# kage plow???



## bossplowguy (Jan 6, 2008)

Has anyone used or own one of those kage plows that interchange between a pusher and a angle plow?


----------



## DCS MN (Jan 21, 2009)

Works great. I am buying more this winter.


----------



## NorthernSvc's (Mar 12, 2006)

love love love mine....worth every penny...


----------



## JohnnyRoyale (Jun 18, 2006)

What are you guys running them on? I'm thinking about getting a couple of the bigger ones.


----------



## AndersonCS (Jul 7, 2011)

I'm ordering one for a John Deere 7430 tractor w/ loader.

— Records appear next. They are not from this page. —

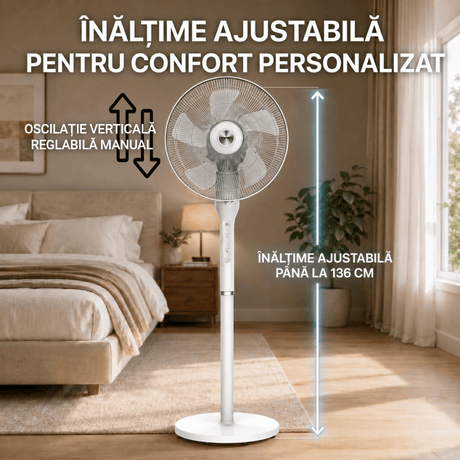 [RESIGILAT] Ventilator Heinner HSF-L360WH | 2 in 1, Oscilare 360°, Timer 8h, Control Digital, Telecomanda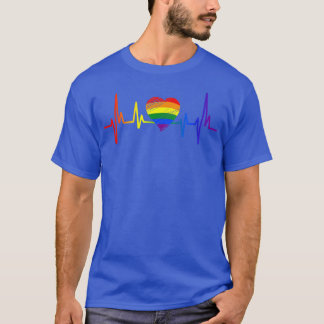 T-shirt Gay Lovely LGBT Pride Heartbeat Lesbian Gays Lovel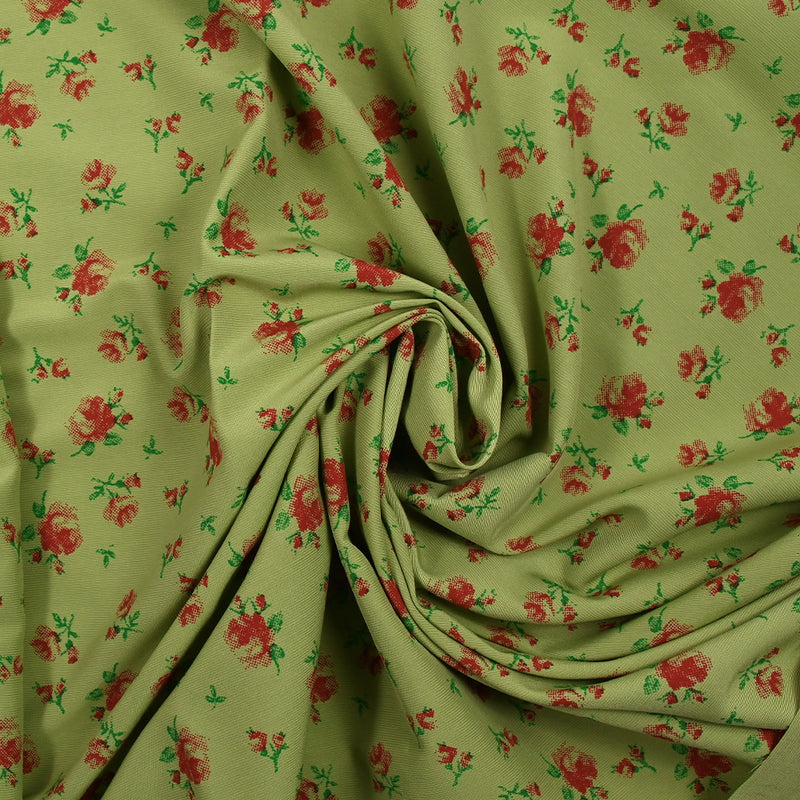 Polyviscose imprimée fleurs rouges fond vert clair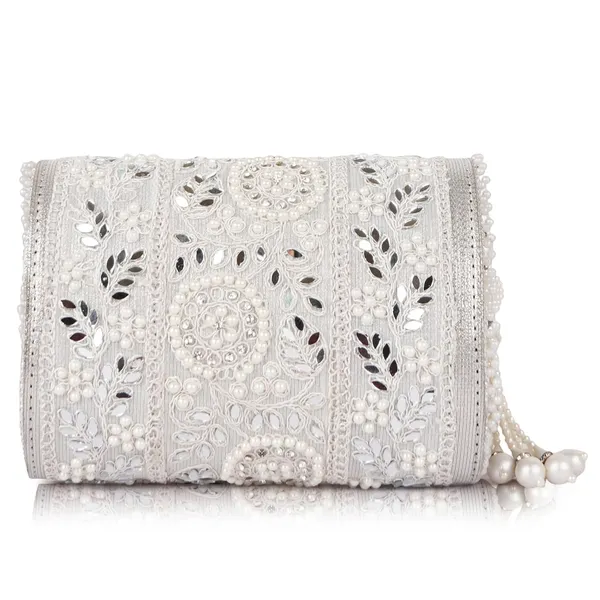 White_Velvet_Silk__Embroidery__Wedding_Party_Handheld_Potli_Bag_For_Women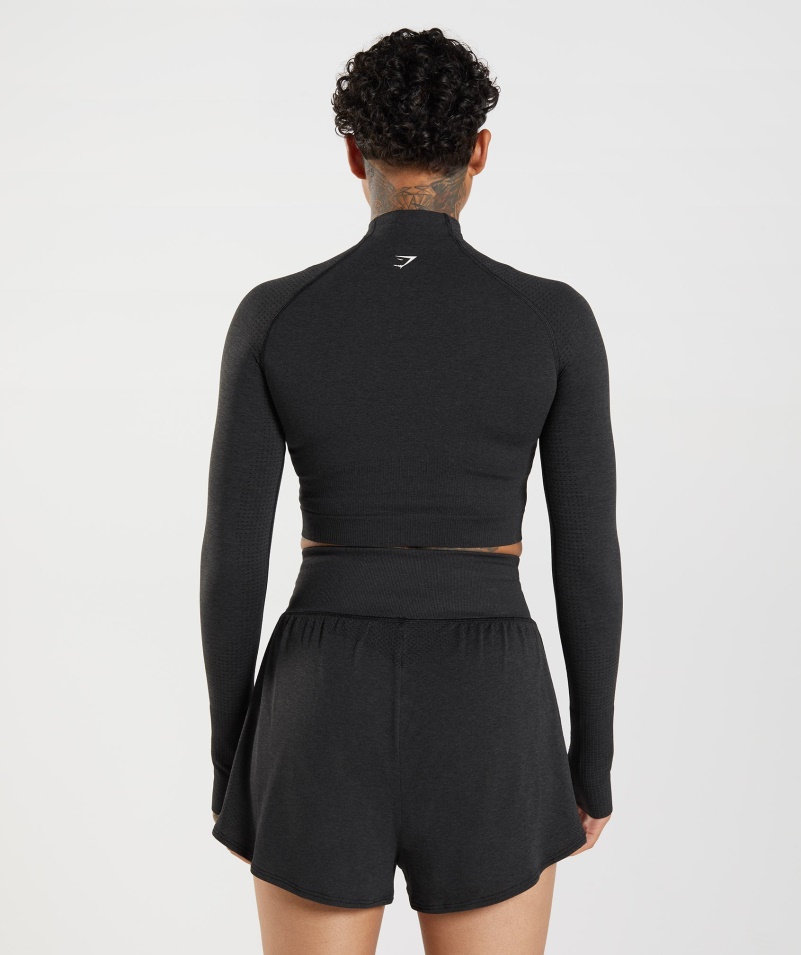 Gymshark Vital Bezšvový 2.0 Midi Top čierny Marl S Vysokým Výstrihom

I really love the concept of these


----------



## JohnnyRoyale (Jun 18, 2006)

Does anyone have real life experiences with the bigger units...say for loaders or tractors?


----------



## DGODGR (Nov 30, 2008)

I was going to buy one (for my 3yd loader) but I did not want to part with all the money up front going into winter. They said that had "in house" financing. Appearently "in house" really means Blue Leaf Capitol. Their rep seemed OK but he pulled some shady crap so I told them to pack sand. It all worked out though as I did not get the contract that I was going to use the plow for.


----------



## NorthernSvc's (Mar 12, 2006)

8' on bobcat s-250 works perfectly... would handle a 9' i think no problem, but 8' fits between parked cars better...


----------



## kcress31 (Sep 20, 2009)

I have a 10 foot on our Bobcat A 300 and it works great. I have used it for 2 seasons now.


----------



## gd8boltman (Dec 18, 2002)

*We are very happy with our*

ten footer on the telehandler.

http://www.plowsite.com/showthread.php?t=112502&highlight=telehandler+kage


----------



## cjwoz (Jan 7, 2008)

Are the sides as strong as an article sectional


----------



## Kristin Stephan (Nov 6, 2008)

DGODGR- I am very sorry to hear that you were not happy with the financing company we were using. I wish I would have known about this sooner. We are offering financing through a new company this year so hopefully if you are still interested in going that route you will have a better experience. Please let me know if there is anything I can help you with.


----------



## DGODGR (Nov 30, 2008)

Kristin Stephan;1303220 said:


> DGODGR- I am very sorry to hear that you were not happy with the financing company we were using. I wish I would have known about this sooner. We are offering financing through a new company this year so hopefully if you are still interested in going that route you will have a better experience. Please let me know if there is anything I can help you with.


I would be interested again this year. I'll send you a PM or e-mail.


----------



## GrayBros. (Nov 20, 2010)

We run a 9ft Kage on our CAT 262B and it is amazingly fast. My only complaint is that they used some foreign crap hydraulic fittings and we had to spend an extra $125 to get it to hook up correctly. Not too expensive, just not expected when you pay top dollar for a piece of equipment.


----------



## GrayBros. (Nov 20, 2010)

One other thing, the main plow decal fell off after about 3 times of use.


----------